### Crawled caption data
####################
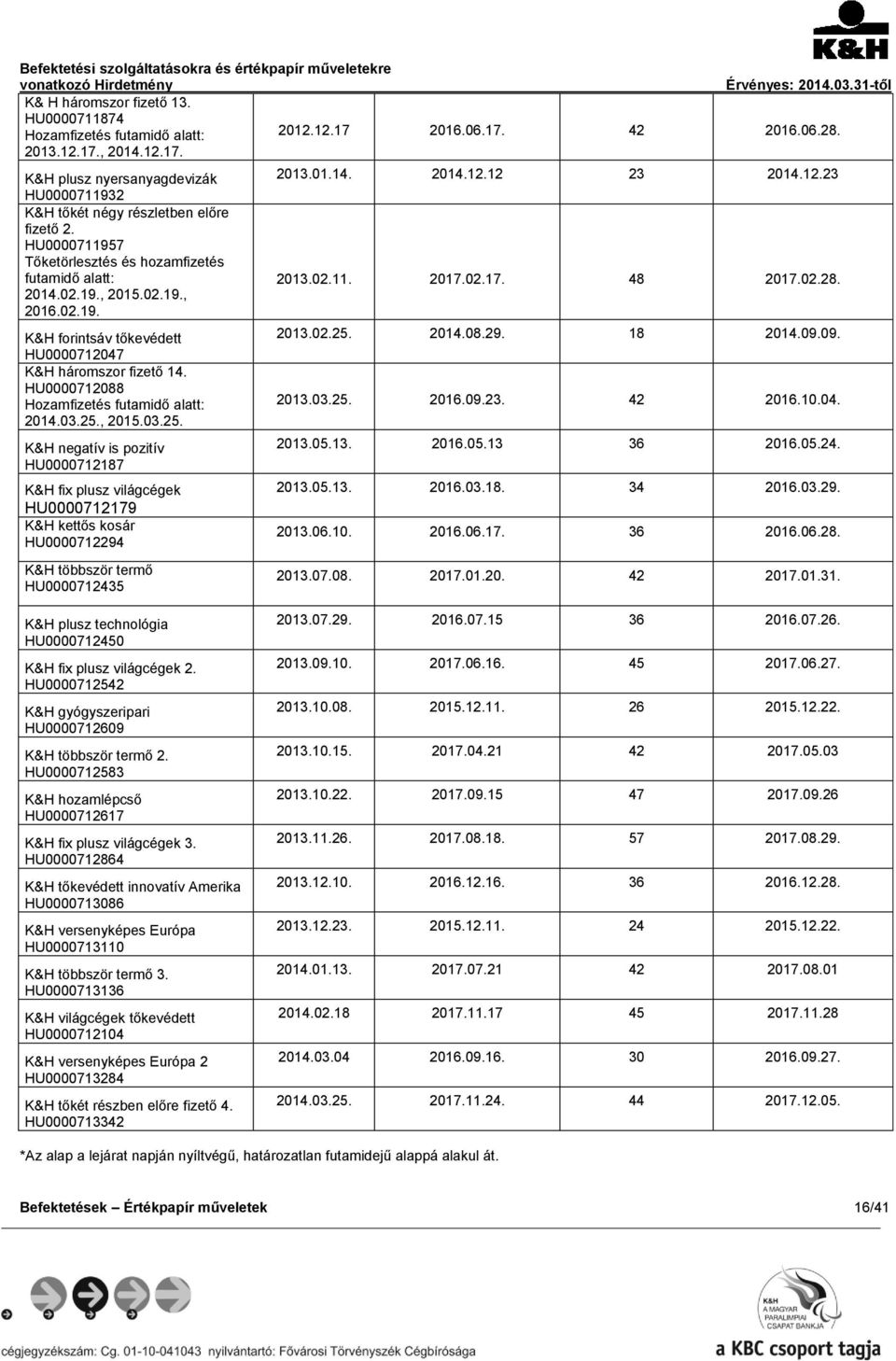 HU0000712088 Hozamfizetés futamidő alatt: 2014.03.25., 2015.03.25. K&H negatív is pozitív HU0000712187 K&H fix plusz világcégek HU0000712179 K&H kettős kosár HU0000712294 K&H többször termő HU0000712435 2013.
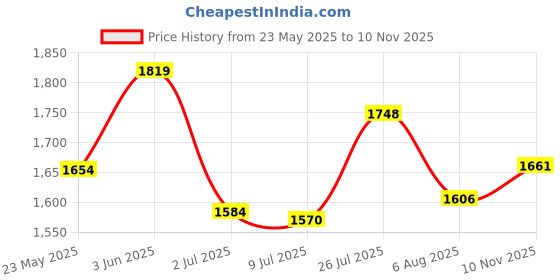 flipkart.com adidas Base X W Running Shoes For Women adidas Price History Graph from 23 May 2025 to 10 Nov 2025
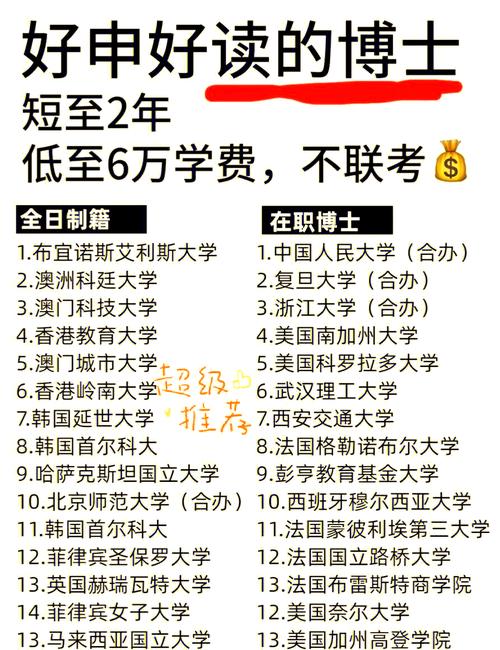 考博两年，该不该继续坚持？-图3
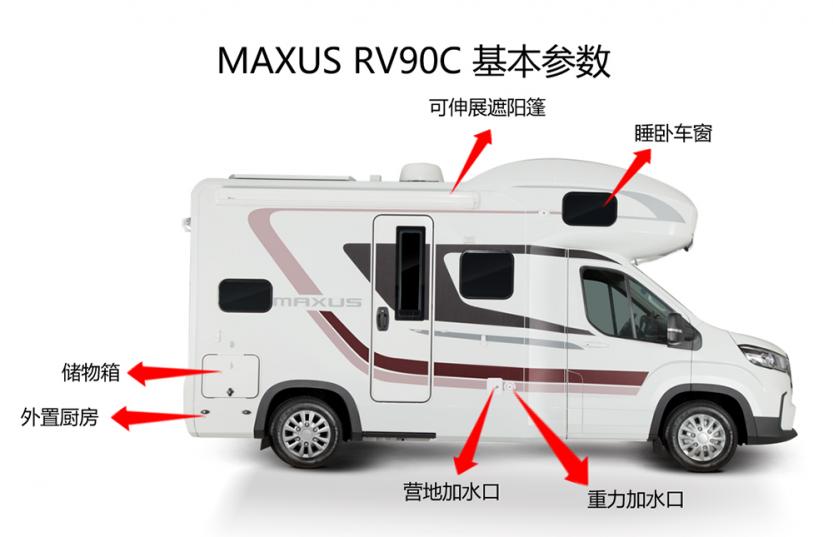 大通RV90C房车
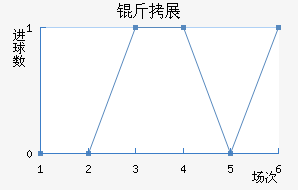 ���ŷ�չ�ӽ�������������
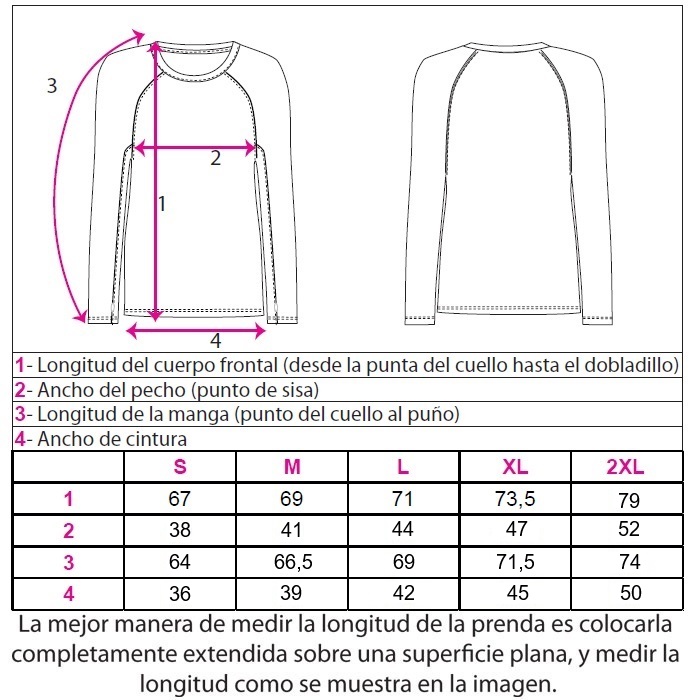tabla_talles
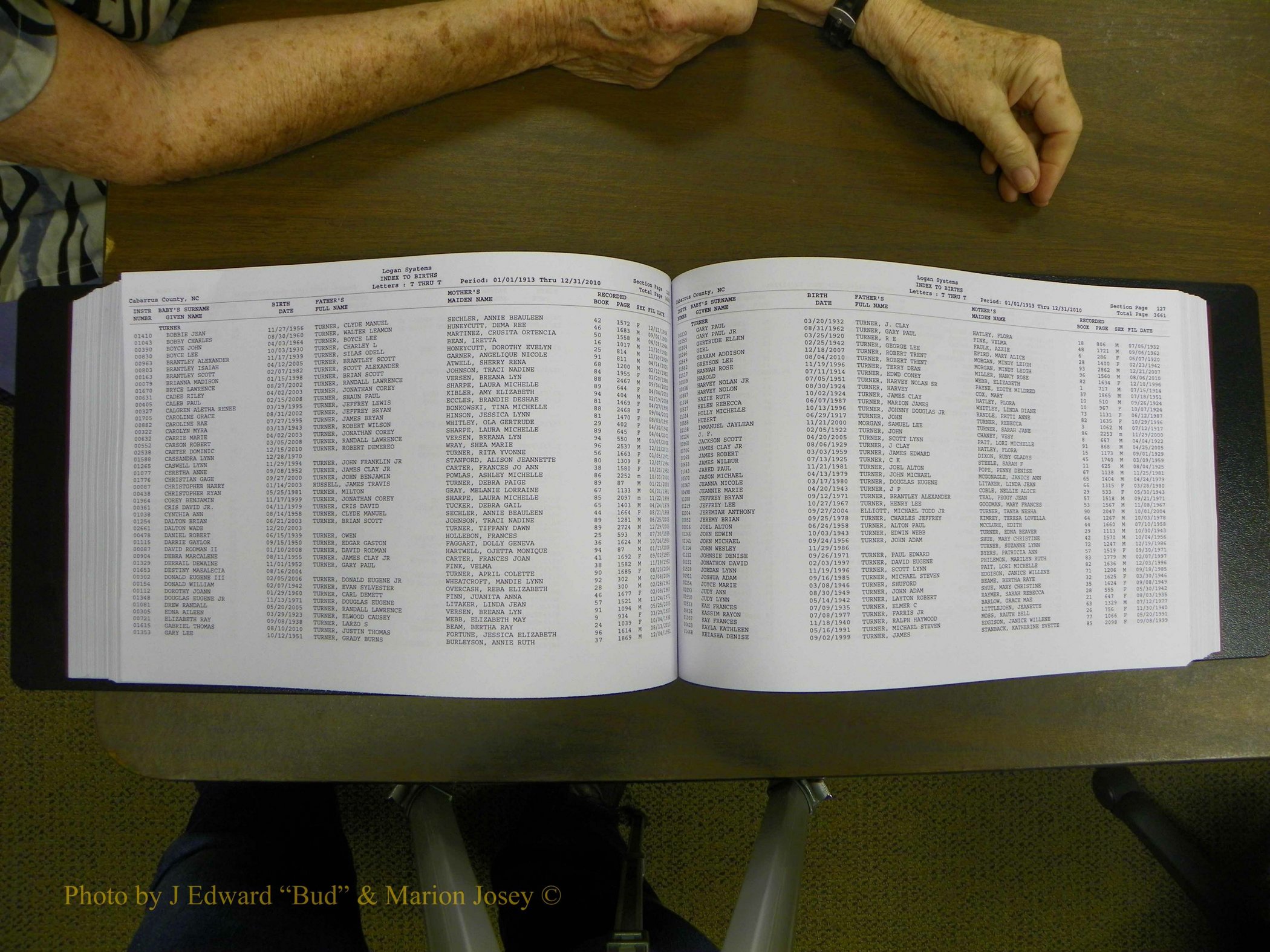 Cabarrus Births Index, S-Z, 1913-2010 264.JPG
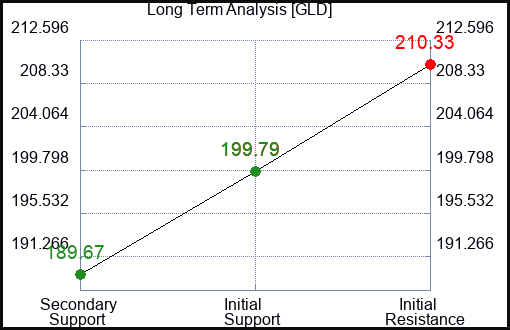 GLD Long Term Analysis for April 28 2024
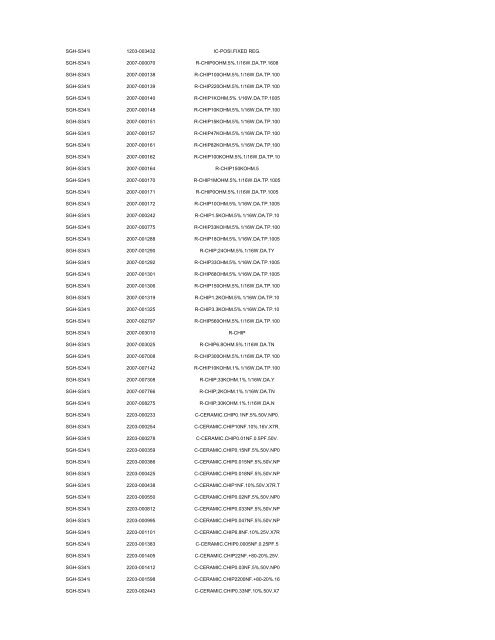 MODEL PART NUMBER DESCRIPTION GT-B2100 ... - Cellular-Parts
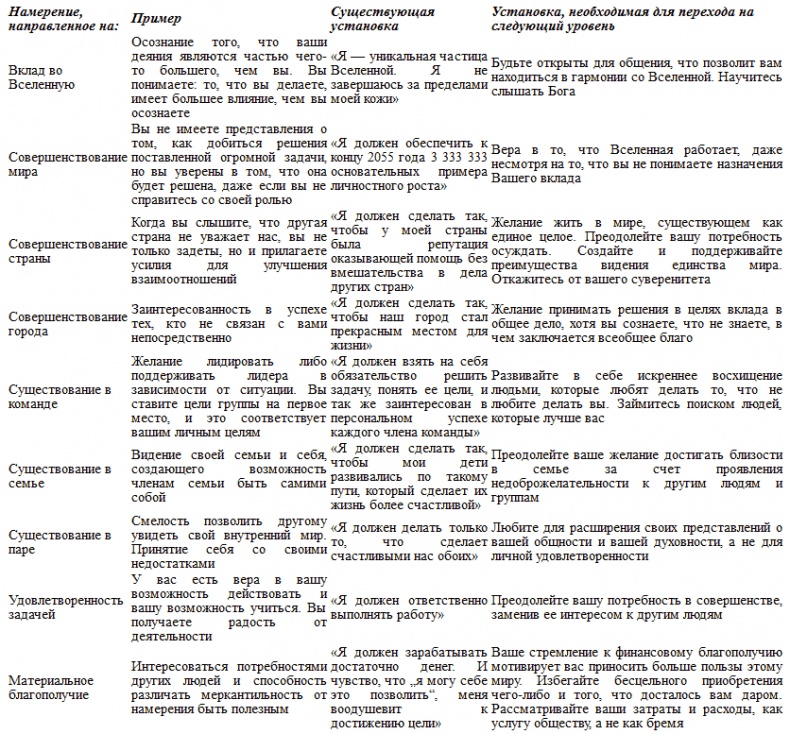 Следуя за мечтой. Девять шагов по управлению мечтой Следуя за мечтой. Девять шагов по управлению мечтой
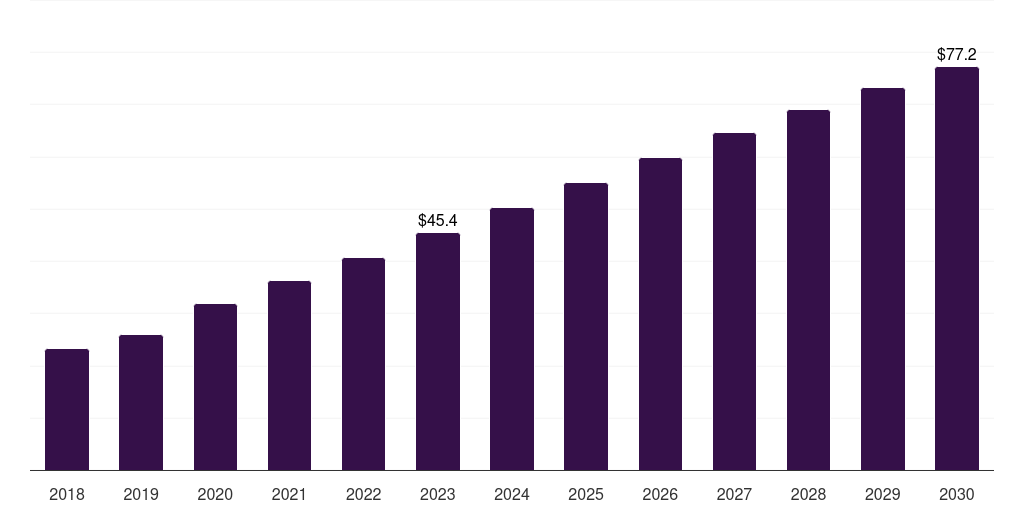 Mexico laboratory robotics market, 2018-2030 (US$M)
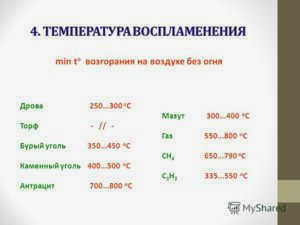 Температура сгорания угля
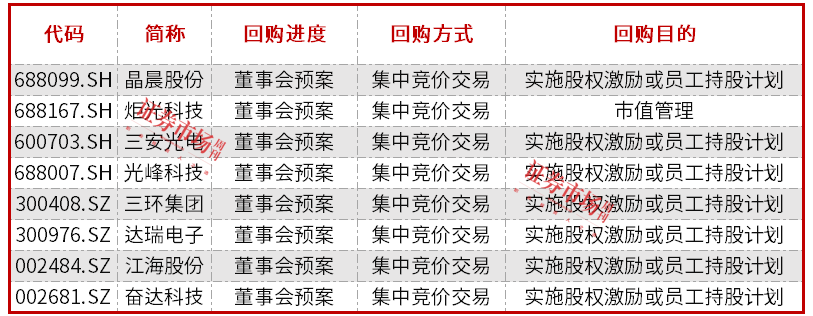 数据来源:Wind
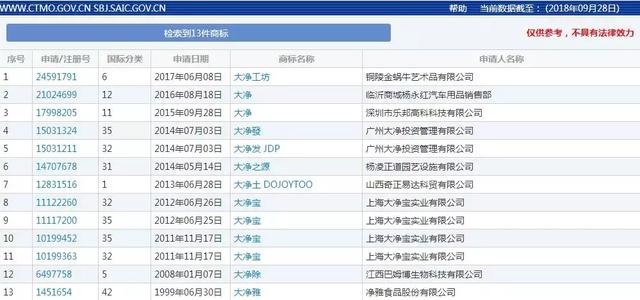 当商标遇上宗教元素,都构成不良影响吗?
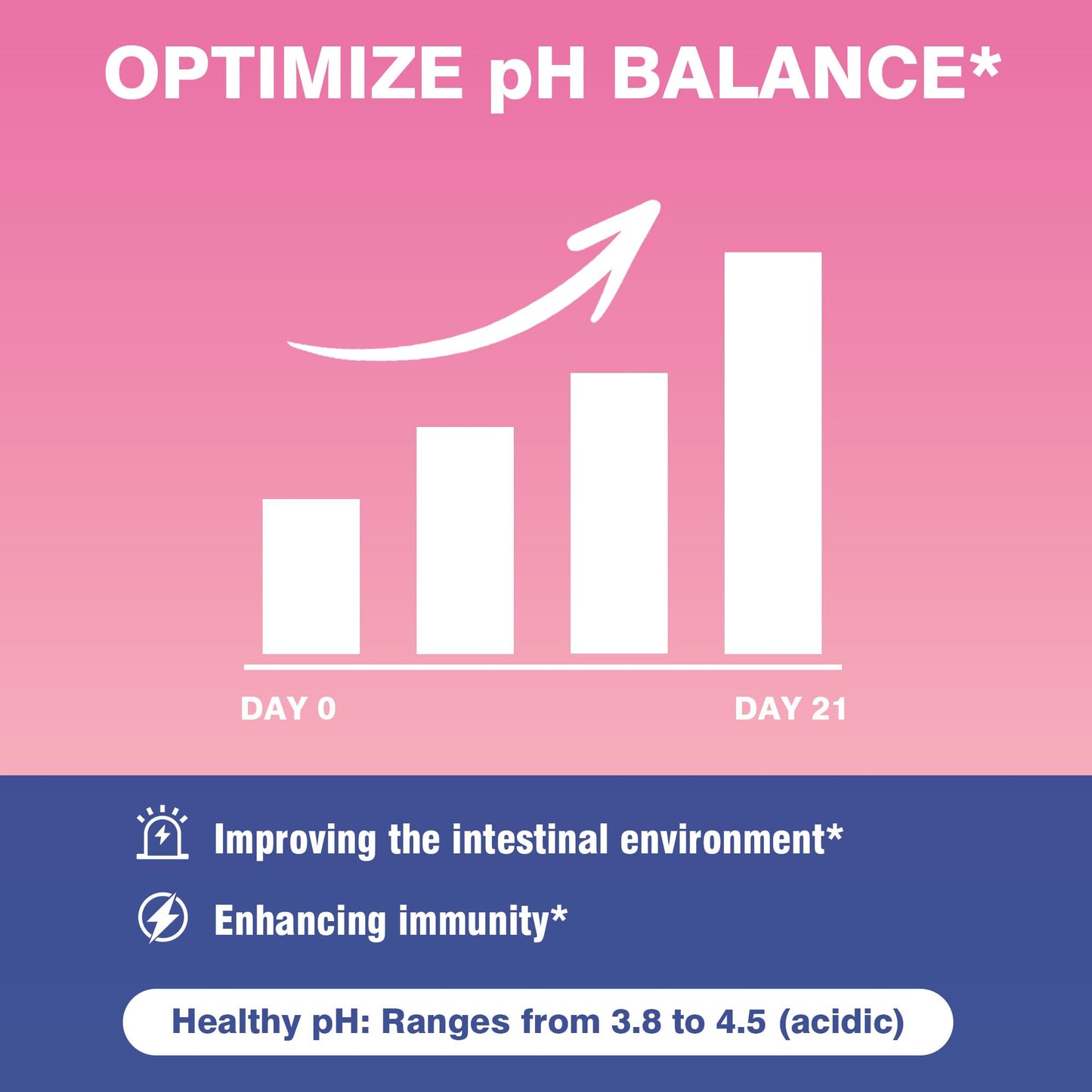 QIN SHAN TANG Feminine Balance Gummies for Women pH Probiotic, 60 Count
####################
### Work request
Reproduce each line of the records exactly, omitting any picture.

### Solution for this task
 HU0000712088 Hozamfizetés futamidő alatt: 2014.03.25., 2015.03.25. K&H negatív is pozitív HU0000712187 K&H fix plusz világcégek HU0000712179 K&H kettős kosár HU0000712294 K&H többször termő HU0000712435 2013.
 flipkart.com adidas Base X W Running Shoes For Women adidas Price History Graph from 23 May 2025 to 10 Nov 2025
 考博两年，该不该继续坚持？-图3
 大通RV90C房车
 ���ŷ�չ�ӽ�������������
tabla_talles
 Cabarrus Births Index, S-Z, 1913-2010 264.JPG
 GLD Long Term Analysis for April 28 2024
 MODEL PART NUMBER DESCRIPTION GT-B2100 ... - Cellular-Parts
 Следуя за мечтой. Девять шагов по управлению мечтой Следуя за мечтой. Девять шагов по управлению мечтой
 Mexico laboratory robotics market, 2018-2030 (US$M)
 Температура сгорания угля
 数据来源:Wind
 当商标遇上宗教元素,都构成不良影响吗?
 QIN SHAN TANG Feminine Balance Gummies for Women pH Probiotic, 60 Count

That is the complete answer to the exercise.